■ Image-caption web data

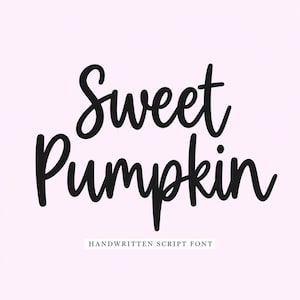 Könnte beinhalten: Ein Grafikdesign mit dem schwarzen Text Sweet Pumpkin in einer fließenden Schreibschrift, zentriert auf einem blassrosa Hintergrund. Unter dem Haupttext erscheinen die Worte HANDWRITTEN SCRIPT FONT in einer einfachen schwarzen Schrift.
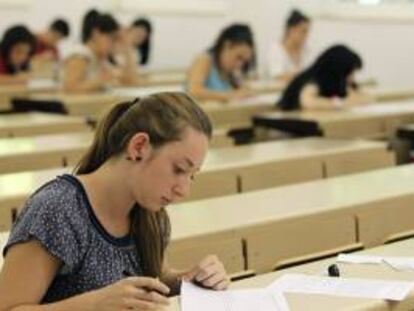 Una joven realiza un examen correspondiente a la convocatoria extraordinaria de selectividad, a primeros de este mes. EFE/Archivo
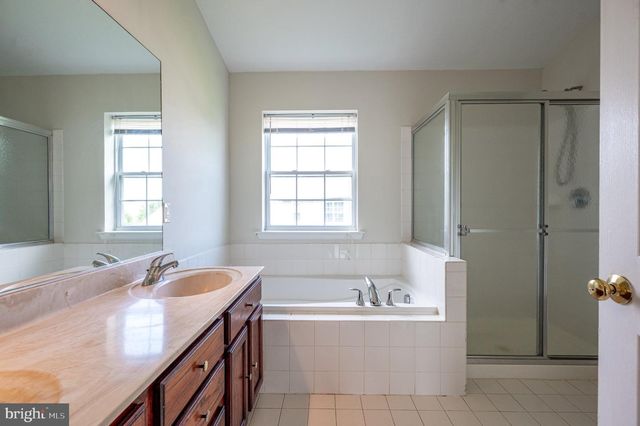 1035 JERVIN DR, Allentown, PA 18104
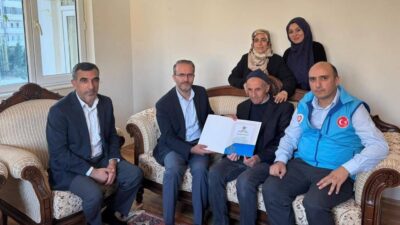 Bir Ömürlük Birikimini Kur’an Kursuna Bağışladı Malatya’da yıllarca zorlu şartlarda çalışarak birikim yapan hayırsever Mehmet Malçok,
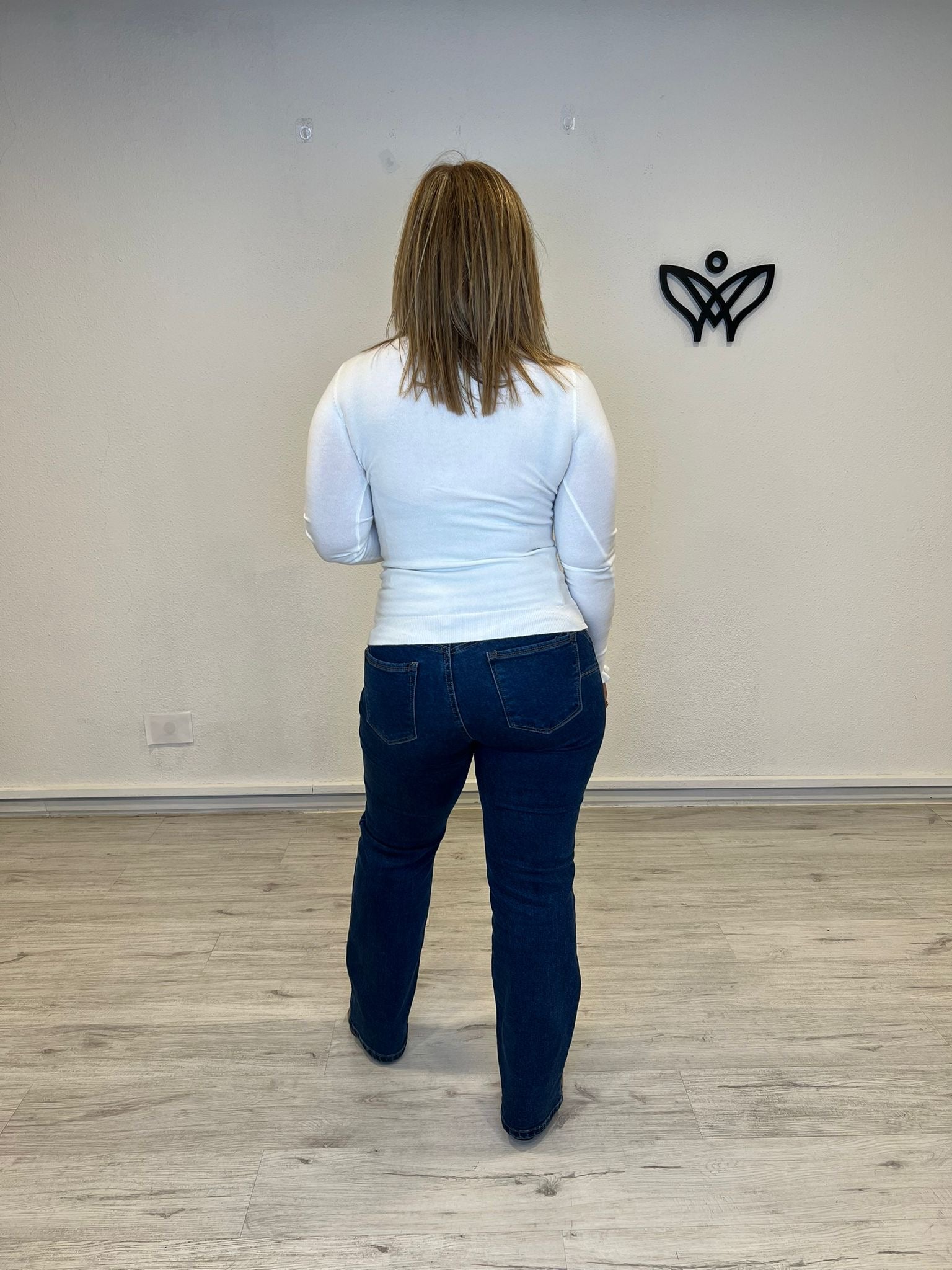 Jersey de punto cuello redondo con volantes discreto en blanco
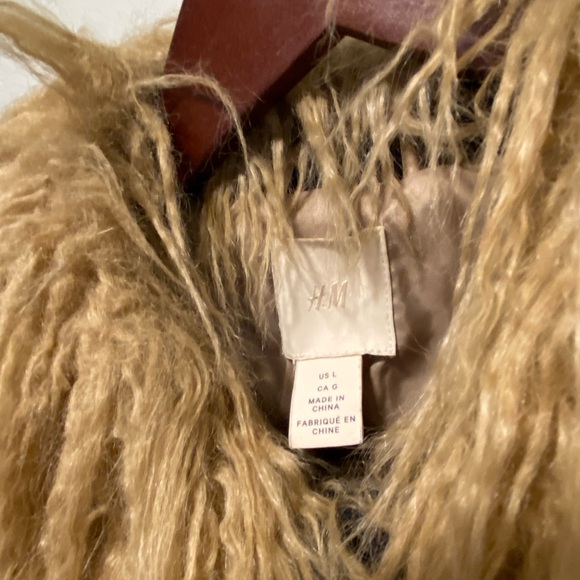 H&M Trend Textured Faux Fur Cropped Jacket - Picture 3 of 4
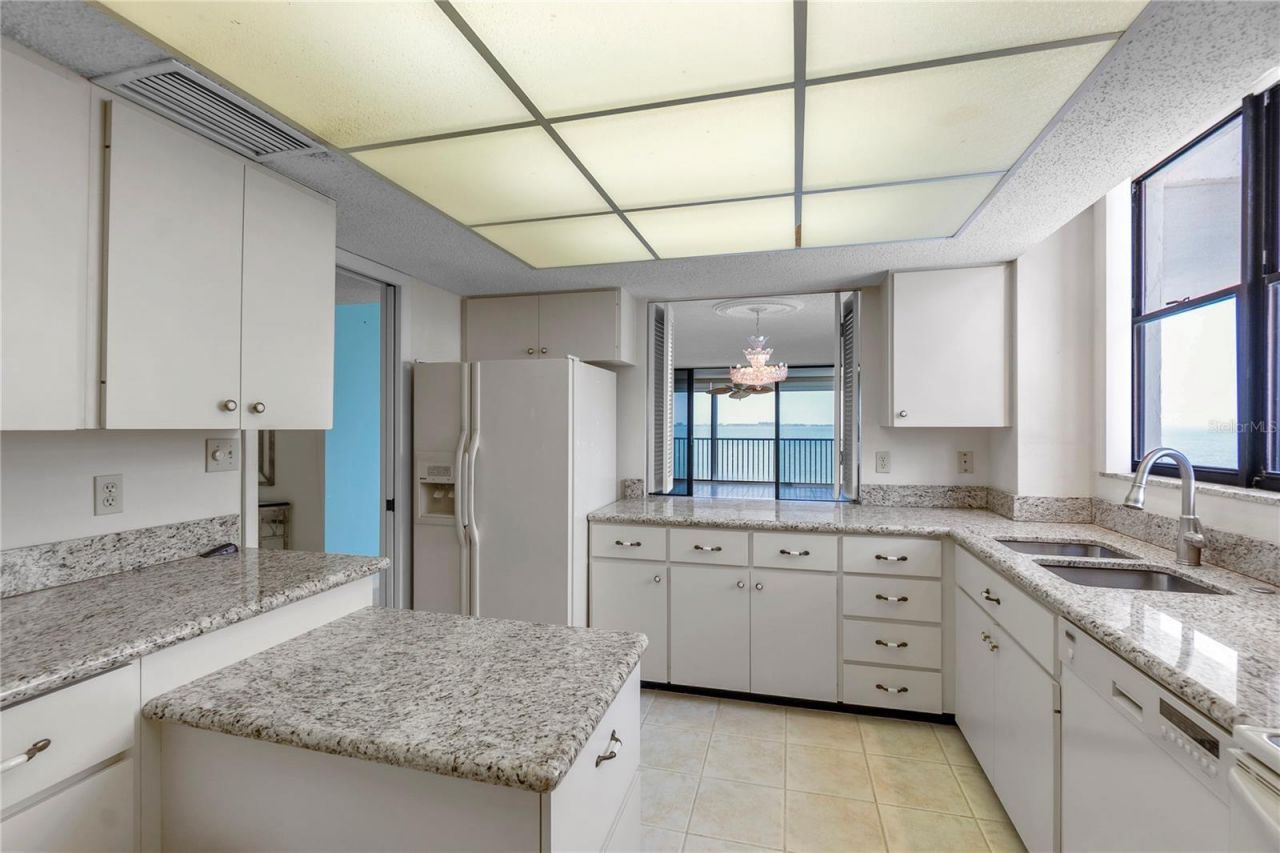 101 Sunset Drive, Unit PH1, Sarasota, FL 34236 Photo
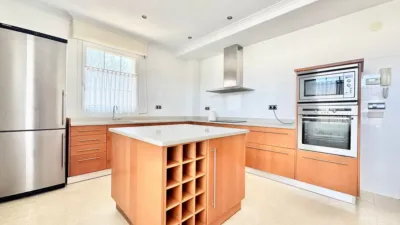 Chalet en venta en Calle Mendibidea, Hijona - Ixona (Elburgo - Burgelu) de 680.000 €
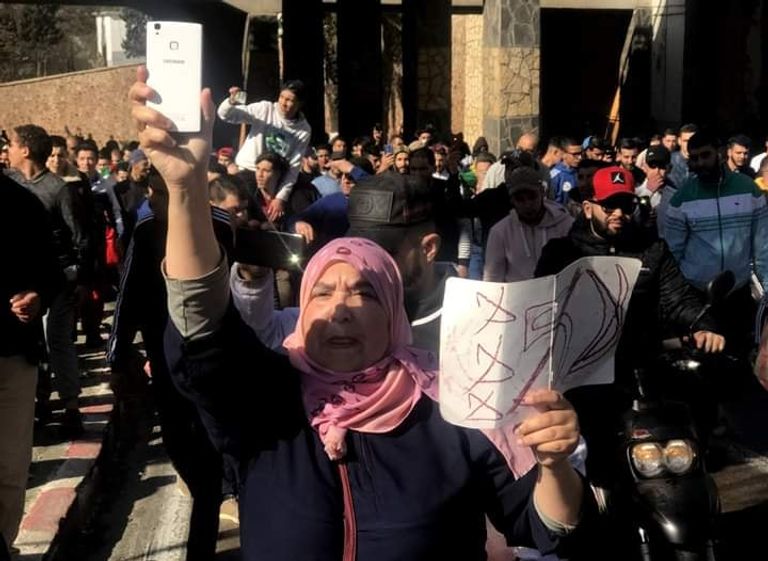 مظاهرات شعبية ضد الولاية الخامسة لبوتفليقة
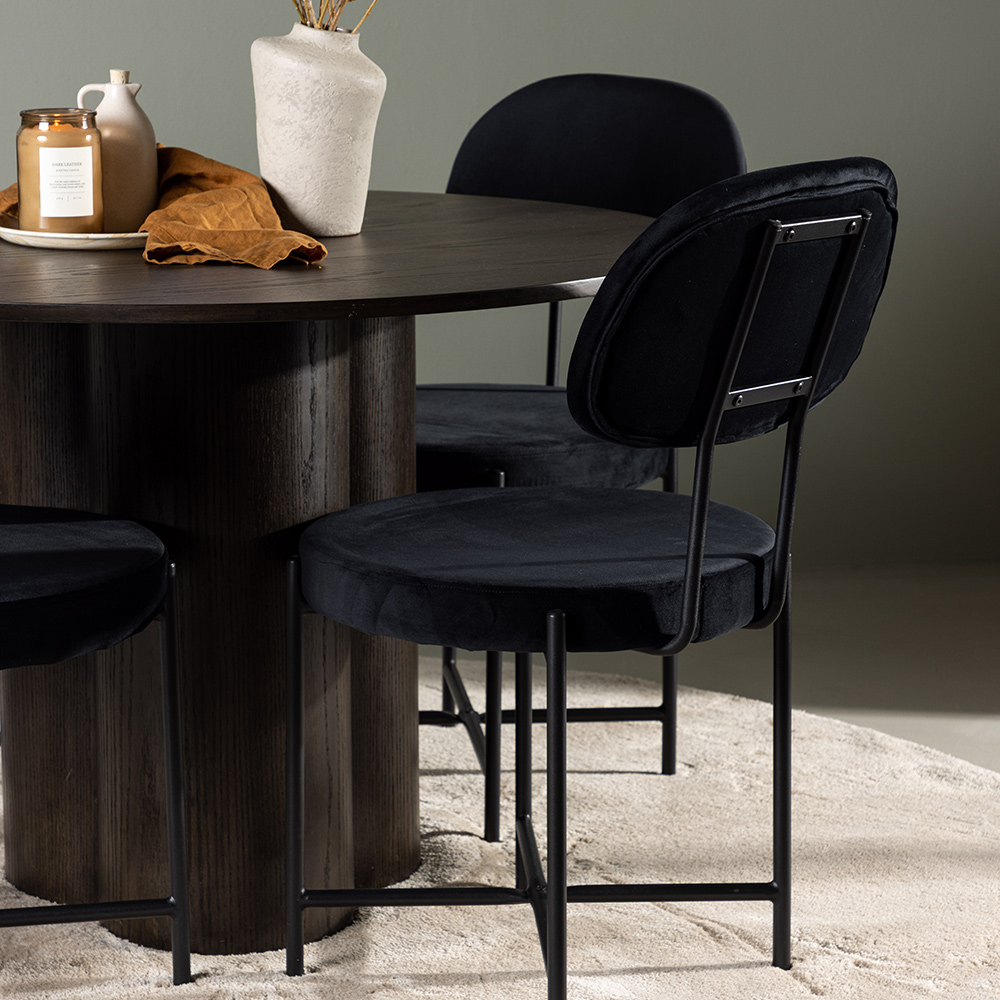 Spisegruppe Venture Home Olivia Ø110 cm med 4 stk Stella Stoler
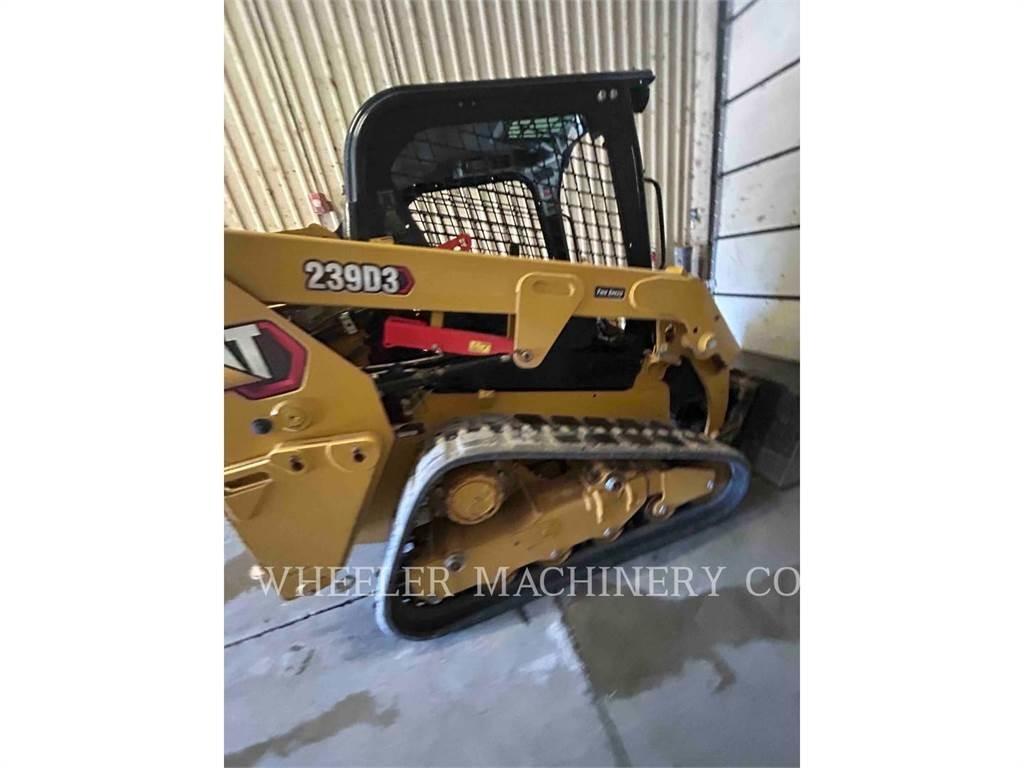 CAT 239D3 C1H2 推土機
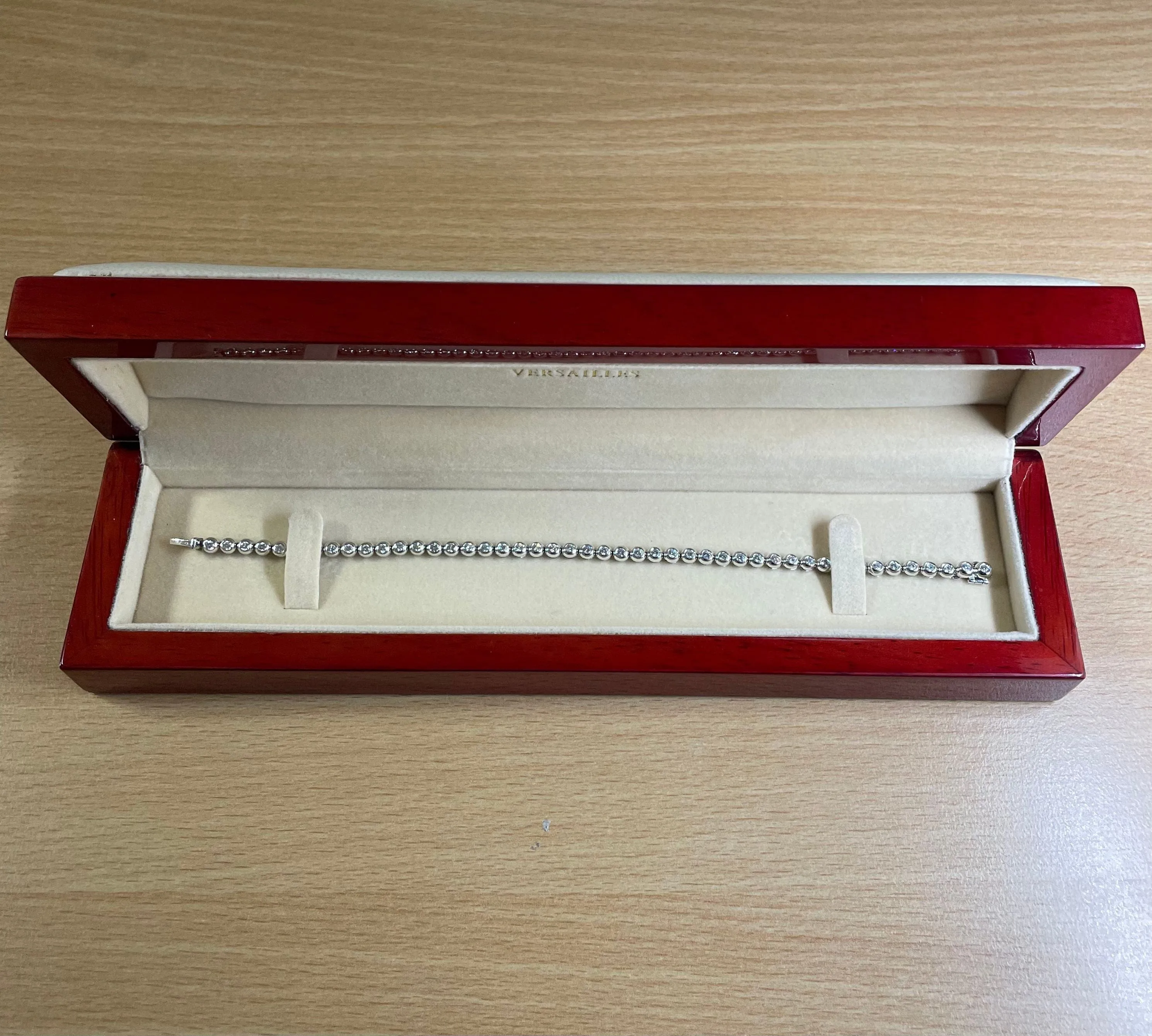 Bracelet tennis rivière or blanc 1,84 cts sold by 58 Facettes product image thumbnail 5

■ DESCRIPTION OF THE TASK
Pictures are to be left out while the lines from the beginning of the records through the line with "1035 JERVIN DR, Allentown, PA 18104" are copied word for word.

■ SOLUTION BELOW
 Könnte beinhalten: Ein Grafikdesign mit dem schwarzen Text Sweet Pumpkin in einer fließenden Schreibschrift, zentriert auf einem blassrosa Hintergrund. Unter dem Haupttext erscheinen die Worte HANDWRITTEN SCRIPT FONT in einer einfachen schwarzen Schrift.
 Una joven realiza un examen correspondiente a la convocatoria extraordinaria de selectividad, a primeros de este mes. EFE/Archivo
 1035 JERVIN DR, Allentown, PA 18104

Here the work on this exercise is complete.